I can tell you which is worse.
So we’re talking about this idea of fortification, when Zach starts talking. Zach is one of those guys that waits to talk. This is a strange and bizzare phenomenon to me, as a person of much constant oratory exclamation.
He says, “God’s challenging me right now to be fortifying my walls when there aren’t any storms in my life.”
What?
He goes on to explain that there aren’t any huge challenges in his life right now. No overbearing struggles, no nagging vices or pending confrontations. We could easily play the spiritual card and suggest that there should be constant and endless pain and suffering in the Christian life to assure us of our salvation, but I like to live in the real world where- as Zach so eloquently pointed out- sometimes the storms pound on you and sometimes it’s total clear skies.
But what am I doing in the clear sky times? I’m naturally playing and enjoying the season and am thankful for the blessings and good things being given to me.
But I’m also more naturally ignoring God, withdrawing from the Word, nurturing a brief-in-passing, murmured prayer life and riding the “good times” for all they’re worth.
And then the war came, with all the poise of a cannonball.
Suddenly the storms rise up.
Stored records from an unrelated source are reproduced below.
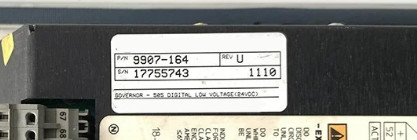 Woodward 9907-164 ψηφιακός κυβερνήτης +24 Vdc στην πλατφόρμα 1A 505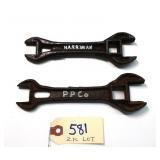 2 pc Lot Harriman 6" & P P Co 6"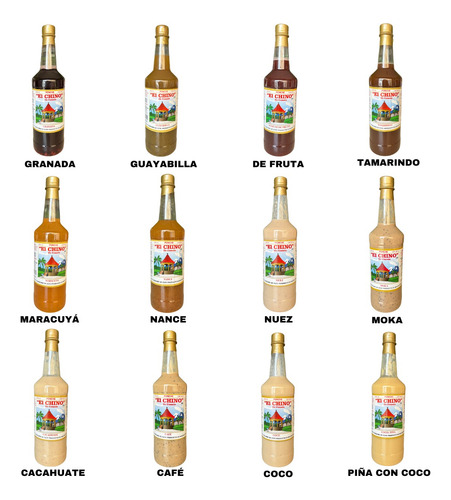 Ponche De Comala Sabor Coco Marca El Chino 1 Lt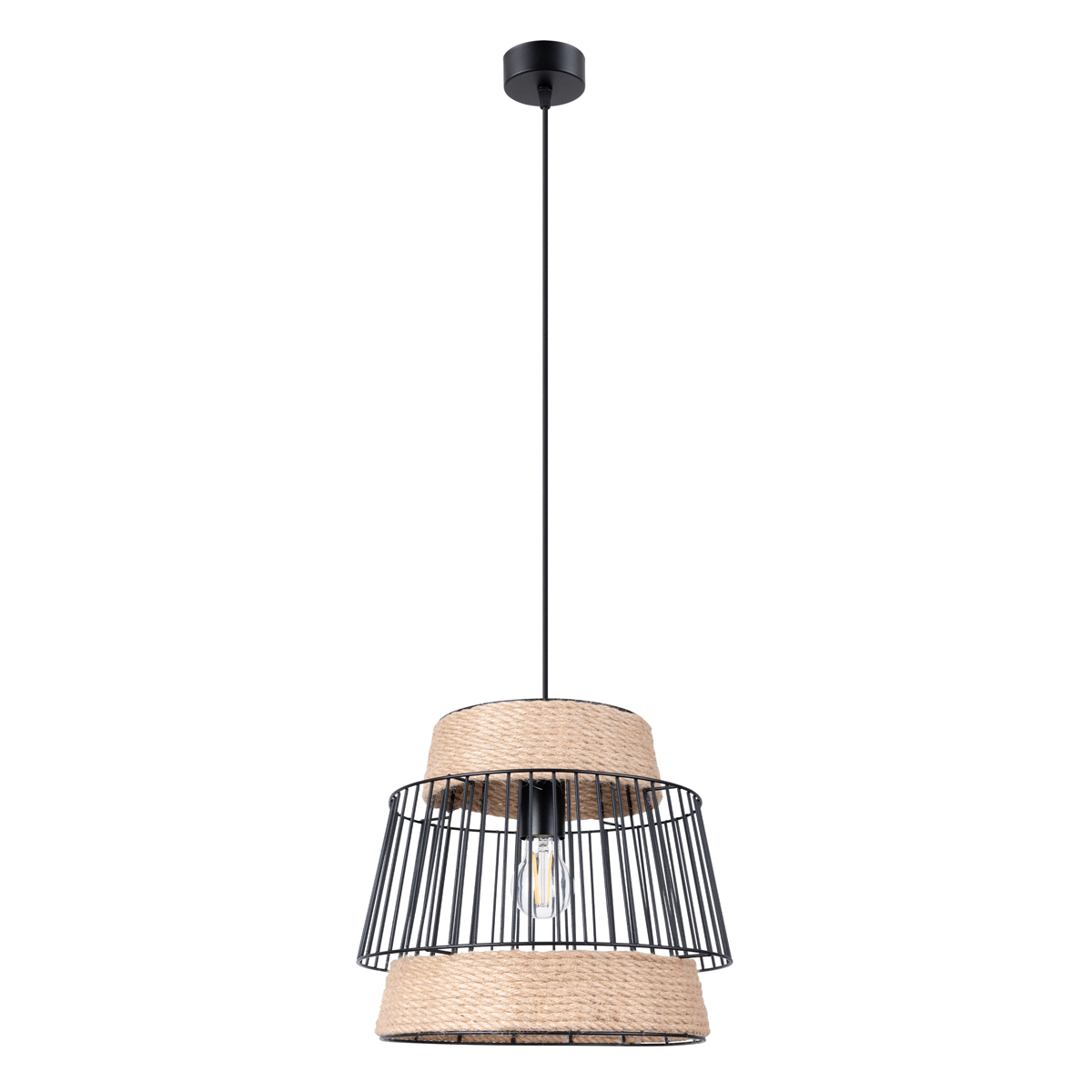 Lampa wisząca BRILO czarny 1xE27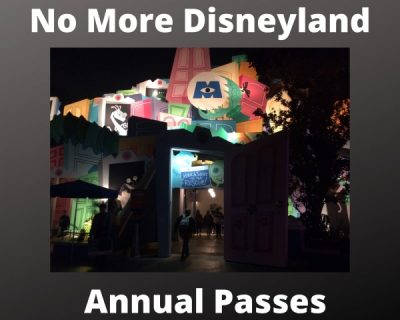 Disneyland Annual Passes No More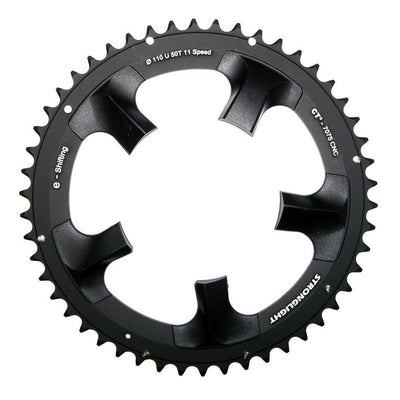 Plato Stronglight Shimano FC6750 11v Negro
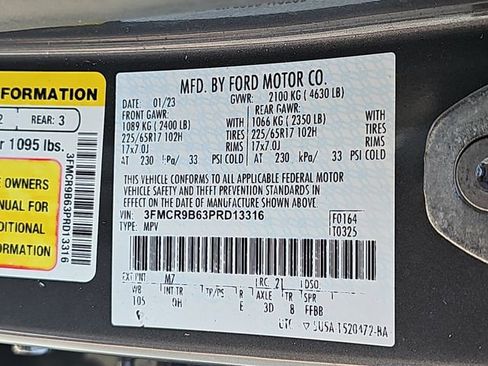 Used 2023 Ford Bronco Sport Big Bend w/ Convenience Package AWD/4WD image 39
I’m fighting with the GF, or I’m pissed at Hoshi, or I’m scared about Wednesday nights because all these people are coming and looking at me and expecting something and it’s becoming harder to use the computer for strictly-biblical studies and there are so many raunchy shampoo commercials these days and a smoke sounds great and work sucks and there’s just too darn much stuff going on!!!
So now I’m reading my bible religiously, praying constantly with much wailing and gnashing of teeth and worshipping as though God is poised, swatter in hand, to smite my existence from the earth at any moment if I jump to step C before I’ve fully completed steps A and B.
I’m out there in the pouring rain trying desperately to board up windows, avoid lightning strikes, and re-attach the pieces of myself that I let neglect and arrogance tear apart.
I’ve turned my walk with God into an emotional reaction to the storms of life, instead of a supernatural relationship with the Creator of life. The author of life. The provider, caretaker, molder and shaper of life. The source of life.
I’m out there trying simply to survive a hurricane and rebuild my house at the same time.
So now I see what the clear skies are for. What sunshine is for.
See, I can use my times when I’m not really fighting or angry or particularly wrought with vice and malice to fortify. Not religiously, as though I need to “stock up.”
But the Christian walk is meant to be that. Putting on Christ means keeping Him near. So in this time of peace and joy, I can draw nearer to the Lord with greater ease than if the storms were about me. And then, when the storms come again, I will be in my house, still near to Christ and still strengthened in Him, because the enemy won’t be tearing boards off my house. He’ll huff, and he’ll puff, but he’ll find the resurrection life too thick a wall to tear down so easily.
Clouds will part, and I’ll go outside and play some more.
good word buddy…better than i could have ever blogged…i love the
“I’m out there trying simply to survive a hurricane and rebuild my house at the same time.” line….so good!